Y volvió a tirarme la mano, sintiendo en mí clavada nuevamente la violencia dura de aquellos dos botones grises.

Al otro día, a las tres en punto de la tarde, me abría el propio Picasso la puerta de su piso. Igual que en el teatro, volví a sentir la presencia de un toro, mezclado esta vez —minotauro— con algo de ganadero, de un Fernando Villalón quizás menos bronco, más fino, debido sin duda a la grisura lumínica de los ojos y a la famosa onda, encanecida ya, que le partía, en oblicua, la frente. Sobre su cabeza, en la pared del recibimiento, nacareaba una amplia matrona desnuda de Renoir, volcada contra un fresco paisaje de verdores acuosos.

Primero me pasó a una sala oscura, de la que surgió, al abrir los balcones, toda la luz lujosa de una sentada cuadrilla de toreros, llameante de sedas de colores, desde el naranja más enfurecido hasta el verde más iracundo. Eso parecían, eso eran en realidad el sofá y las butacas de aquella sala de Picasso.

Luego me hizo subir a su atelier. Cualquiera pensaría que el taller de un pintor del prestigio, del genio y fortuna suyos sería algo, si no rico, por lo menos de dimensiones hermosas, lleno de todos esos cachivaches y pedazos de cosas que sólo los pintores son capaces de coleccionar. El taller de Picasso, simple buhardilla abarrotada, con un tablero inundado de libros, cartas abiertas y sin abrir, dibujos, lápices, etc., medía poco más de tres metros por cuatro, no sobrando al pintor ni el suficiente espacio para trabajar cómodo. En el centro, extendida, grande, como una ventana de par en par abierta a un precipicio, la obra en ejecución: uno de esos monstruos que metiéndosele por el mango de los pinceles se le pasan vivos y poéticamente disparatados al lienzo.

Picasso, con una condescendencia natural, espontánea, que era un duro mentís a las críticas cafeteras del Dome, desbarajó los amontonados cuadros, mostrándomelos uno a uno, produciéndose entonces en aquella minúscula buhardilla un verdadero desbarajuste de líneas y colores, un relampaguear de pura plástica sonora, de puro genio delirante, en continua arrancada vertiginosa.

Arrancada, sí, arrancada de fuerte toro español, lozano y suelto por dehesas quemadas de poesía, por arenas de sangre o congeladas geometrías celestes; arrancada de toro haciendo añicos el orden de las cosas, arremetiendo, furioso, contra lo naturalmente creado, para ofrecerlo compuesto de otro modo, en reinventada, única e imposible vida nueva.

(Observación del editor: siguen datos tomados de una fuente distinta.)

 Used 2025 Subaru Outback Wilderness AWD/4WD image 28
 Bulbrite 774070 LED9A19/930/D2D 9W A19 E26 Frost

Y me lo imaginé paciendo de aquel alimento sobrenatural que el picassiano poeta cordobés don Luis de Góngora ofrece a la divinidad astada de sus Soledades: estrellas.

Durante la guerra de España, Picasso fue estremecido hasta los tuétanos por aquella tremenda sacudida, digna arrancada de su pueblo contra la calculada traición y el apuñalamiento cómplice de unos y de otros. Nunca jamás un hombre, un español tan alejado de su patria, pudo sufrir desgarro más profundo en sus raíces. Y el lastimado toro negro andaluz de sus venas se desató, bravo y terrible, llevándose al enemigo por delante. No habrá sufrido éste cornalón más hondo que el asestado por Picasso en su Guernica ni revolcón mayor, con pateadura, que aquel de los feroces dibujos contra Franco.

Ahora se murmura, en intermitentes telegramas lacónicos, que al valiente pintor lo han acorralado los alemanes en uno de esos campos de alambradas donde los hombres dignos de hoy, sin ventura, merecen menos que las bestias. Si esto fuera verdad, vaya para ti, grande y generoso amigo, con mi protesta de español errante, mi doble admiración desesperada: a tu inmenso talento y a tu hombría, gloria los dos de nuestro pobre pueblo pisoteado.